Changing stroke rehab and research worldwide now.Time is Brain! trillions and trillions of neurons that DIE each day because there are NO effective hyperacute therapies besides tPA(only 12% effective). I have 523 posts on hyperacute therapy, enough for researchers to spend decades proving them out. These are my personal ideas and blog on stroke rehabilitation and stroke research. Do not attempt any of these without checking with your medical provider. Unless you join me in agitating, when you need these therapies they won't be there.

What this blog is for:

My blog is not to help survivors recover, it is to have the 10 million yearly stroke survivors light fires underneath their doctors, stroke hospitals and stroke researchers to get stroke solved. 100% recovery. The stroke medical world is completely failing at that goal, they don't even have it as a goal. Shortly after getting out of the hospital and getting NO information on the process or protocols of stroke rehabilitation and recovery I started searching on the internet and found that no other survivor received useful information. This is an attempt to cover all stroke rehabilitation information that should be readily available to survivors so they can talk with informed knowledge to their medical staff. It lays out what needs to be done to get stroke survivors closer to 100% recovery. It's quite disgusting that this information is not available from every stroke association and doctors group.

Thursday, October 9, 2025

Safety and efficacy of selenium in improving the outcomes of stroke patients: a systematic review and meta-analysis with GRADE system

 Let's see how much earlier research there is on selenium and the incompetence of your doctor in not doing something with it!

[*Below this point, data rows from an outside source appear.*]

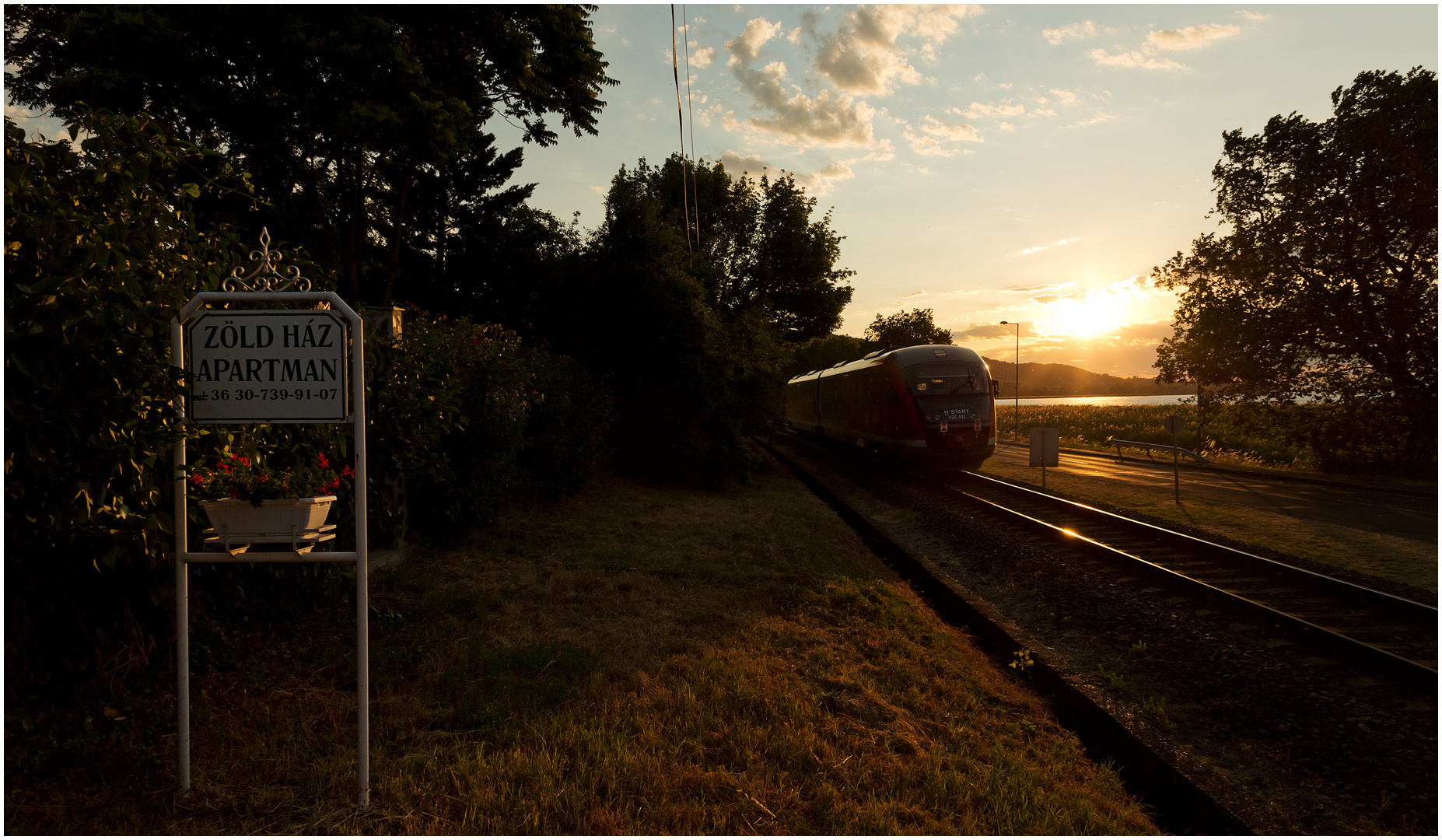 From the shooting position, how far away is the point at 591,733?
377 centimetres

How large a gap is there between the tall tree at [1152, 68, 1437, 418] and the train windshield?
31.5 ft

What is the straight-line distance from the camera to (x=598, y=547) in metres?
8.73

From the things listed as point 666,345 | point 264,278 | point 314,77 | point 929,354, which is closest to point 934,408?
point 929,354

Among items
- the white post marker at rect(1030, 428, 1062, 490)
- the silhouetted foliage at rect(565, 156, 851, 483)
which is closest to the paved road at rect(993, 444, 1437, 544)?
the white post marker at rect(1030, 428, 1062, 490)

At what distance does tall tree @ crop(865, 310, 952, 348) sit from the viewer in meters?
72.1

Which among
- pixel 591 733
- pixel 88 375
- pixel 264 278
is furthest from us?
pixel 591 733

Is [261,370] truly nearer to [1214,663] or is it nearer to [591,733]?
[591,733]

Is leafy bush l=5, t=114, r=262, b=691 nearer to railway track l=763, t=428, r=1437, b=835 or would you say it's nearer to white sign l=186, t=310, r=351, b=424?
white sign l=186, t=310, r=351, b=424

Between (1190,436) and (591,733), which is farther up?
(1190,436)

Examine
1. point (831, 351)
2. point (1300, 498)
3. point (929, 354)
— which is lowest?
point (1300, 498)

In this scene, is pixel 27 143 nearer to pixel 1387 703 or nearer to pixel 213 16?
pixel 1387 703

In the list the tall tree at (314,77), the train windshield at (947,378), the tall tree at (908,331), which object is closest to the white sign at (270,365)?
the tall tree at (314,77)

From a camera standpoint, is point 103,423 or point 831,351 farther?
point 831,351

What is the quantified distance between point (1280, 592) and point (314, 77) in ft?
53.0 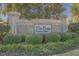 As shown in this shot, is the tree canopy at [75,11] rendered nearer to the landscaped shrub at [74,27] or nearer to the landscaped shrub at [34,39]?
the landscaped shrub at [74,27]

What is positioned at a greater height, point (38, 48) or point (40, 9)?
point (40, 9)

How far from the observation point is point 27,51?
2.72m

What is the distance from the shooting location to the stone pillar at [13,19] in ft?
9.02

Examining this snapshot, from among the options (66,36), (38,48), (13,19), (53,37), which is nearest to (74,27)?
(66,36)

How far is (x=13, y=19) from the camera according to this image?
2766 mm

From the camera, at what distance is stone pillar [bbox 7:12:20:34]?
275 centimetres

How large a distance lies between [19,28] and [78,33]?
83cm

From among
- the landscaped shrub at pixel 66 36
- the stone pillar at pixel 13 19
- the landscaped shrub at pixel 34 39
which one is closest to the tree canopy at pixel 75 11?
the landscaped shrub at pixel 66 36

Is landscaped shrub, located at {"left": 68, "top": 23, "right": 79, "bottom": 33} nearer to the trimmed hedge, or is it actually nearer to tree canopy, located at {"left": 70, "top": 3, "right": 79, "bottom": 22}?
tree canopy, located at {"left": 70, "top": 3, "right": 79, "bottom": 22}

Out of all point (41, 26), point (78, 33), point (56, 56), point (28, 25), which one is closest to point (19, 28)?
point (28, 25)

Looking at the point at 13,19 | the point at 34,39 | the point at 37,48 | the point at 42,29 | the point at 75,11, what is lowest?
the point at 37,48

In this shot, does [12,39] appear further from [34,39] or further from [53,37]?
[53,37]

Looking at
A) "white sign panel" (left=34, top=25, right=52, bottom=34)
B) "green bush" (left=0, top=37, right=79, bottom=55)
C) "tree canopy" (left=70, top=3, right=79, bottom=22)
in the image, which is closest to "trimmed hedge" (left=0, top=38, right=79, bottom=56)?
"green bush" (left=0, top=37, right=79, bottom=55)

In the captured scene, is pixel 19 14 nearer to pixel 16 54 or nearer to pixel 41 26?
pixel 41 26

Here is how long your doctor has been incompetent! Call the president and ask for competent stroke medical 'professionals' to be hired.  You really should expect your 'professionals' to know more that stroke-addled me!

  • selenium (15 posts to May 2015)
  • Safety and efficacy of selenium in improving the outcomes of stroke patients: a systematic review and meta-analysis with GRADE system

      Abstract

      Background

      Stroke represents the second most common cause of death worldwide and a significant cause of long-term morbidity. Although the brain is incapable of regeneration, the element selenium (Se) has been found to have a role in regenerating the antioxidant systems and improving cell proliferation and viability. So, we conduct this systematic review and meta-analysis to assess its effectiveness in enhancing cell proliferation and viability.

      Aims

      Our study aims to determine the efficacy and safety of selenium in alleviating the impact of brain injury and promoting recovery in patients with stroke.

      Summary of review

      We finally included five randomized clinical trials. Our meta-analysis showed a statistically significant difference between selenium and placebo in the outcomes of interest: Glasgow Outcome Scale after 1 month (OR: 1.54, 95% CI [1.10, 2.15], P = 0.01) and respiratory infection (OR: 0.55, 95% CI [0.34, 0.88], P = 0.01). There is no statistically significant difference in Glasgow Outcome Scale after 3 months (OR: 1.36, 95% CI [0.97, 1.91], P = 0.07), mortality (OR: 0.76, 95% CI [0.45, 1.30], P = 0.31).

      Conclusion

      Selenium showed a promising contribution to minimizing the damage caused by brain injuries. Further studies, including randomized-controlled trials, must be conducted on the efficacy of selenium and its association with better neurological outcomes.(What about the ones I refer to above? Or don't you know about them?)